Os dias que se seguiram foram muito confusos. Primeiro, porque Lizzie teve que fazer todo o tipo de acrobacia para não passar pelo sr. Darcy. Acabou sendo mais fácil do que ela imaginou que seria, pois segunda que era o dia que ele costumava ficar na clínica com ela, ele não apareceu.

— Aparentemente o dr. Darcy teve um plantão bem complicado ontem e não vai poder fazer as horas de clínica dele hoje. – O dr. Wickham praticamente cuspiu as palavras em Elizabeth assim que ela abriu a porta e deu de cara com ela.

— Ótimo. – Foi só o que ela respondeu.

Os atendimentos continuaram e as únicas palavras que eles trocaram foram as dos pacientes durante as interpretações. Mesmo assim, aquele clima pesado ainda era muito melhor do que se ela tivesse que encarar o médico que ela havia beijado há duas noites.

Depois, ela ficou sabendo que o dr. Darcy não apareceria pelo hospital durante a semana, pois estaria participando de um congresso muito importante em outra cidade. Isso fez com que Lizzie tivesse tempo de se concentrar em um problema maior: a deportação de Charlotte.

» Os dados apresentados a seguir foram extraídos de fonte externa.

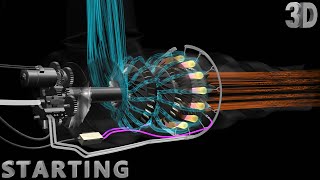 How Auxiliary Power Units Work  Part 1  Starting [upl. by Philender]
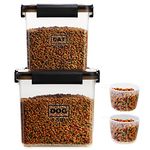 Sealed Insect Free Dog Food Container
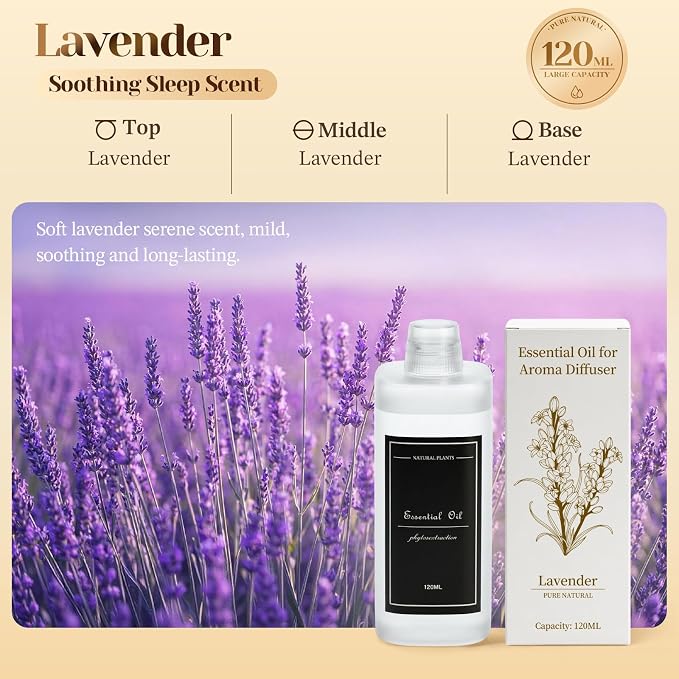 4.06 fl oz (120ml) Diffuser Oil for Home Fragrance Diffusers (M60), Plant-Based & Alcohol-Free, Hotel Scent Essential Oil for Bedroom, Bathroom, Office, Car, Office (Lavender)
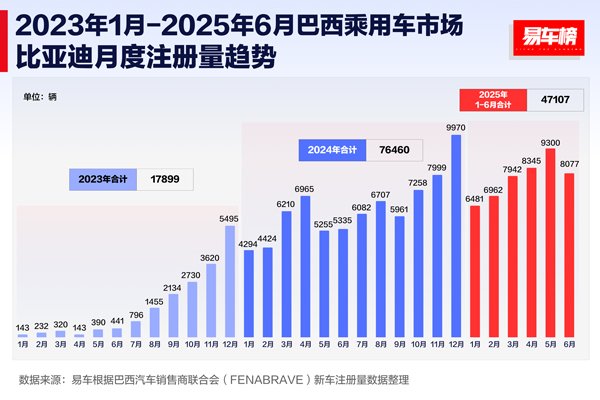 海外銷售超47萬輛！上半年比亞迪領(lǐng)跑全球多個新能源車市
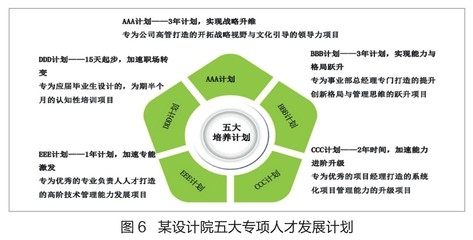 甲級設(shè)計院人才培養(yǎng)模式探究 行業(yè)新聞 第3張 甲級設(shè)計院人才培養(yǎng)模式探究 行業(yè)新聞 第3張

Só que ela já tinha fritado todos os seus miolos e gastado cada segundo livre dos seus dias pensando no que fazer e nenhuma ideia útil e milagrosa havia surgido. Ela queria tanto que Jane estivesse ali. Talvez sua irmã conseguisse pensar em algo, talvez Jane pudesse resolver, como quando elas eram pequenas e Lizzie brigava na escola. Jane sempre estava lá para ela, sempre resolvia tudo. Só que dessa vez, Elizabeth sabia que infelizmente, se a irmã estivesse ali, só ia sofrer junto com ela. Dessa vez, nem Jane poderia resolver as coisas. Era tão difícil ser adulta.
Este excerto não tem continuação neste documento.